I would like to integrate the following line integral without using parametrization . I wanted to integrate the following $$\int_C \frac{1}{z-a} dz$$ , where $C$ is a a curve along $|z-a| =r$ .
Using parametrization i can easily get the answer , but i wanted to integrate without using parametrization of the circle. Appreciate your hints .
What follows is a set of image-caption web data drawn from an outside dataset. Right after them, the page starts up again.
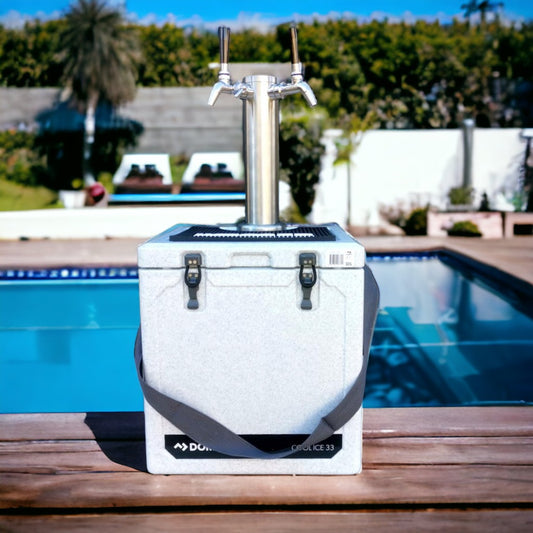 Miracle Box 2.0 | Any Drink, On Tap In Style!
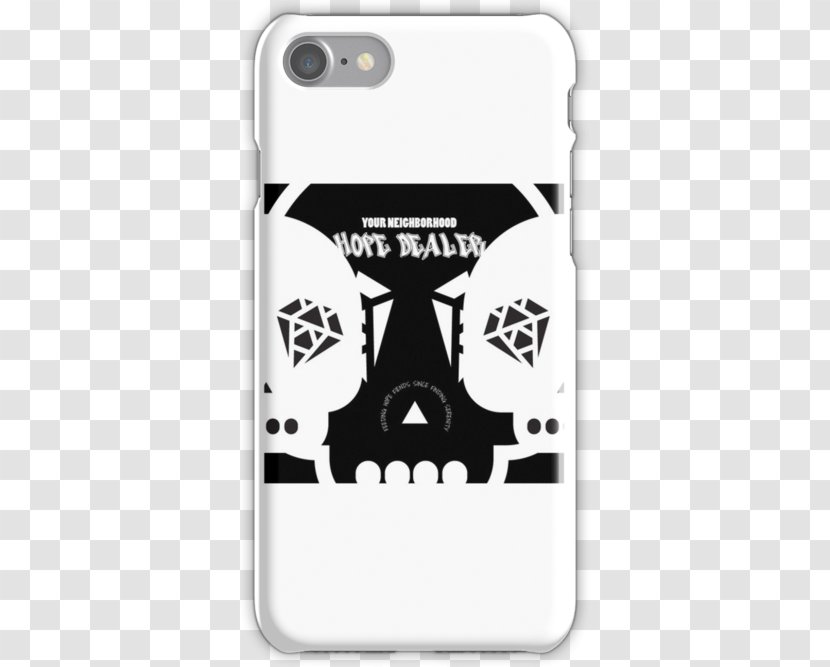 IPhone 6 7 4S Trap Lord Dunder Mifflin - Bone - Emoji Transparent PNG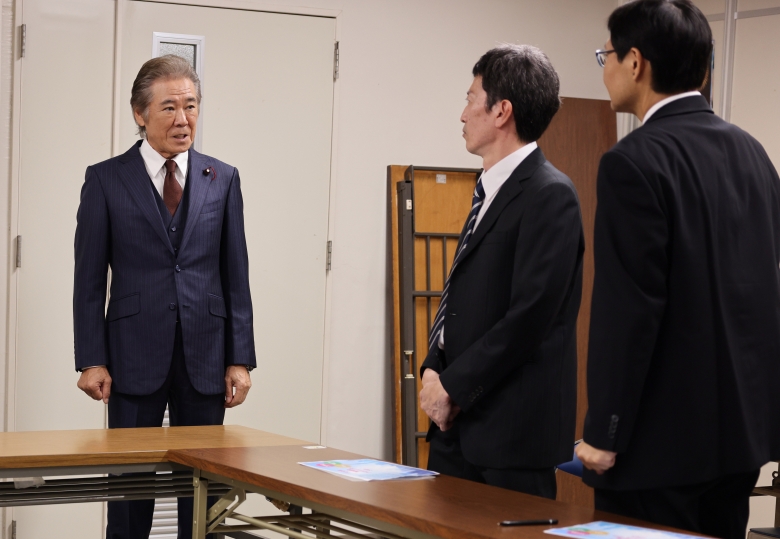 「天文館探偵物語」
You may assume $a=0$. Consider an integer $N\gg1$, put $\omega:=e^{2\pi i/N}$ (an $N$th root of unity) and choose $z_k:=r\omega^k\in\partial D_r$ $\>(0\leq k\leq N)$. Then using the "physical interpretation" of a line integral one has $$\eqalign{\int_{\partial D_r}{dz\over z}&\doteq\sum_{k=0}^{N-1}{z_{k+1}-z_k\over z_k}=\sum_{k=0}^{N-1}{r\omega^{k+1}-r\omega^k\over r\omega^k}\cr &=N(\omega-1)=2\pi i\>{e^{2\pi i/N}-1\over{2\pi i/N}}\to 2\pi i\quad(N\to\infty)\ .\cr}$$
Here is a second approach to the problem:
On the right half plane the principal value $z\mapsto {\rm Log}\>z$ is a primitive of $z\mapsto {1\over z}$. It follows that the integral over the circular arc $\gamma_1$ from $re^{-i\pi/4}$ to $re^{-i\pi/4}$ is given by $$\int_{\gamma_1}{dz\over z}={\rm Log}\bigl(re^{i\pi/4}\bigr)-{\rm Log}\bigl(re^{i\pi/4}\bigr)=i{\pi\over2}\ .$$
Similarly, on the upper half plane the principal value $z\mapsto {\rm Log}\>{z\over i}$ is a primitive of $z\mapsto {1\over z}$. It follows that the integral over the circular arc $\gamma_2$ from $re^{i\pi/4}$ to $re^{3i\pi/4}$ is given by $$\int_{\gamma_2}{dz\over z}={\rm Log}{re^{3i\pi/4}\over i}-{\rm Log}{re^{i\pi/4}\over i}=i{\pi\over2}\ .$$ And so on.